In the years of development from 2003 to 2007, Apple cranked out at least 40 different prototypes for the iPhone and iPad, many of which look only slightly different than the models that make it to market. Stringer brought pictures — see a collection of them at The Verge — and even examples of the prototypes to court, explaining how they would sometimes change just a single detail on a device to create a new iteration. “We are a pretty maniacal group of people,” Stringer said. “The size, the length, the width, the height — every single detail is crafted.”

Stringer didn’t hold back when asked about lookalikes. “We’ve been ripped off,” he declared, pointing to Samsung as one of the worst. “It’s a huge leap in imagination to come up with something new,” Stringer said. “That’s what we did.” But Samsung’s lawyers thought differently. In cross examination, Samsung counsel Charles Verhoeven pointed out how Apple’s design team would use lists of specs and design summaries from competitors products to guide their process along. As evidence, he produced an email from Stringer in 2011 requesting a list of all the competing tablets ahead of a brainstorming session. Stringer defended himself by explaining that the goal of the session was to survey the marketplace, not borrow others’ ideas.

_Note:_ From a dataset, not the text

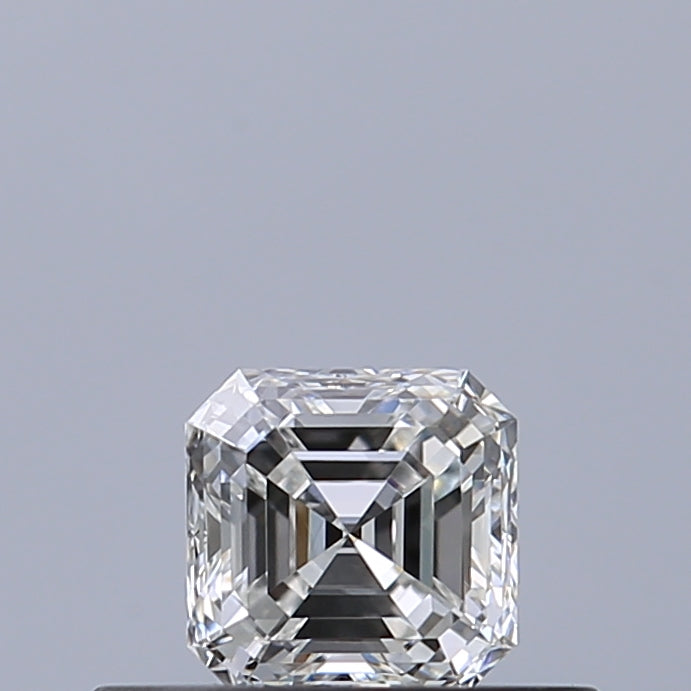 0.30 carat Emerald diamond F IF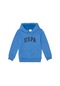 U.s. Polo Assn. Erkek Çocuk Kobalt Sweatshirt 50293614-vr077 Mavi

For the 15 or 16 people on Apple’s design team, the ultimate mission is clear. “Our job is to imagine products that don’t exist and guide the process that brings them to life,” Stringer explained. “We have our lives all around the products.” Obviously, these things need to be pretty, and when they land on the right look, it’s obvious. “It was the most beautiful of our designs,” String said of the final iPhone design. "When we realized what we got, we knew."